* WHAT IS BEING ASKED *
Once the line holding "701 Bronco St, Centerton, AR 72719 photo 2" is found, output it and all remaining lines of the data exactly, with every picture left out.

(GIVEN DATA)

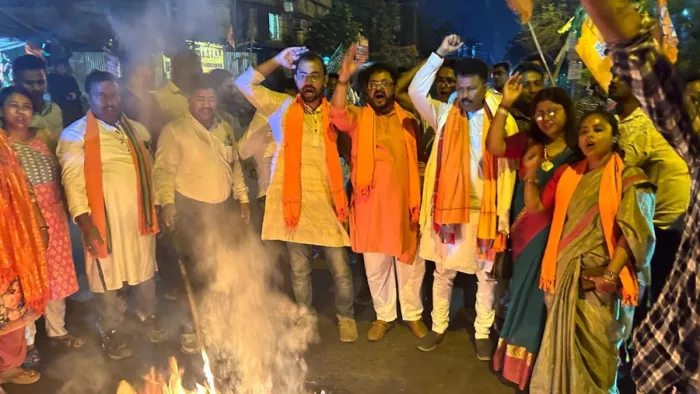 Tires were burned, traffic disrupted … BJP Yuva Morcha on the road after the Supreme Court ruling – the ruling of the Supreme Court, the Supreme Court ruling, demanded sparks BJP protests that Mamata was arrested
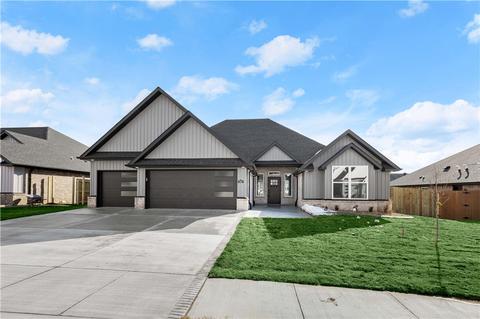 701 Bronco St, Centerton, AR 72719 photo 2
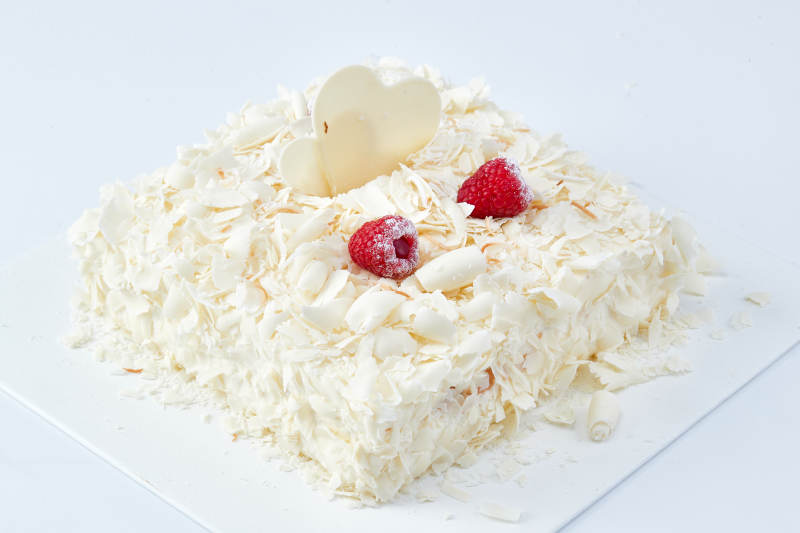 草莓白巧克力榴莲慕斯生日蛋糕图片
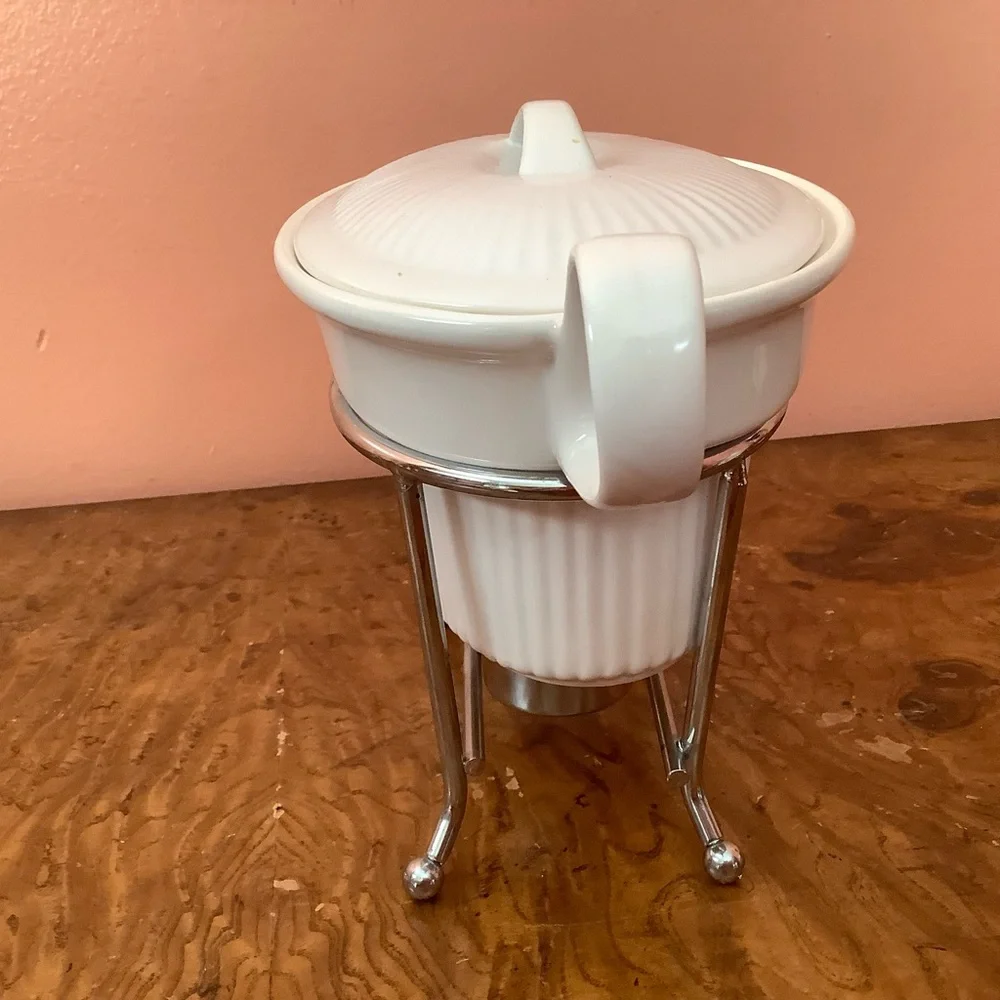 Tabletops Gallery 16oz. Gravy Boat Ceramic White, With Candle Warming Stand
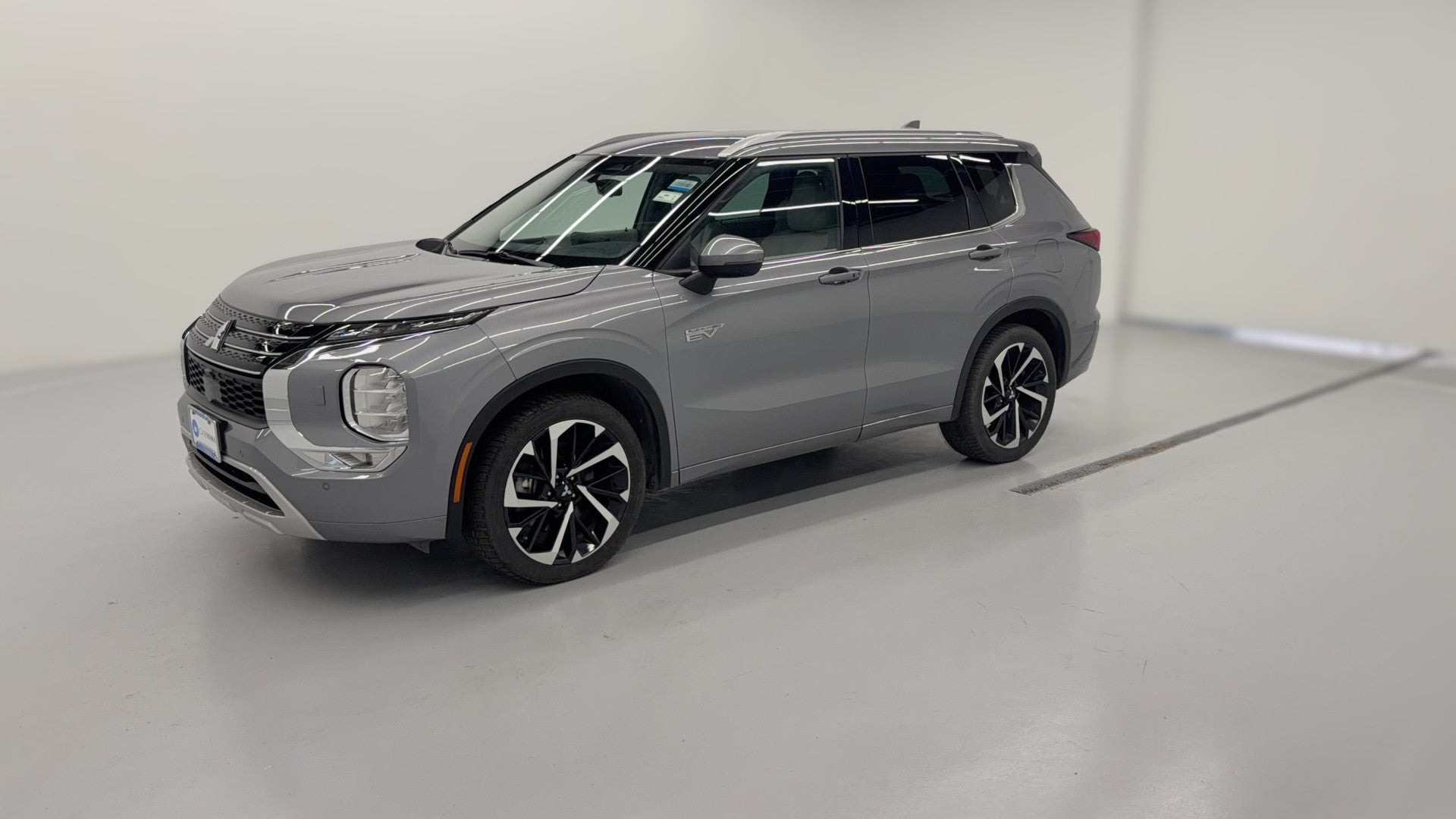 2023 Mitsubishi Outlander PHEV vehicle photo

(End GIVEN DATA)

* SOLVED PROBLEM *
 701 Bronco St, Centerton, AR 72719 photo 2
 草莓白巧克力榴莲慕斯生日蛋糕图片
 Tabletops Gallery 16oz. Gravy Boat Ceramic White, With Candle Warming Stand
 2023 Mitsubishi Outlander PHEV vehicle photo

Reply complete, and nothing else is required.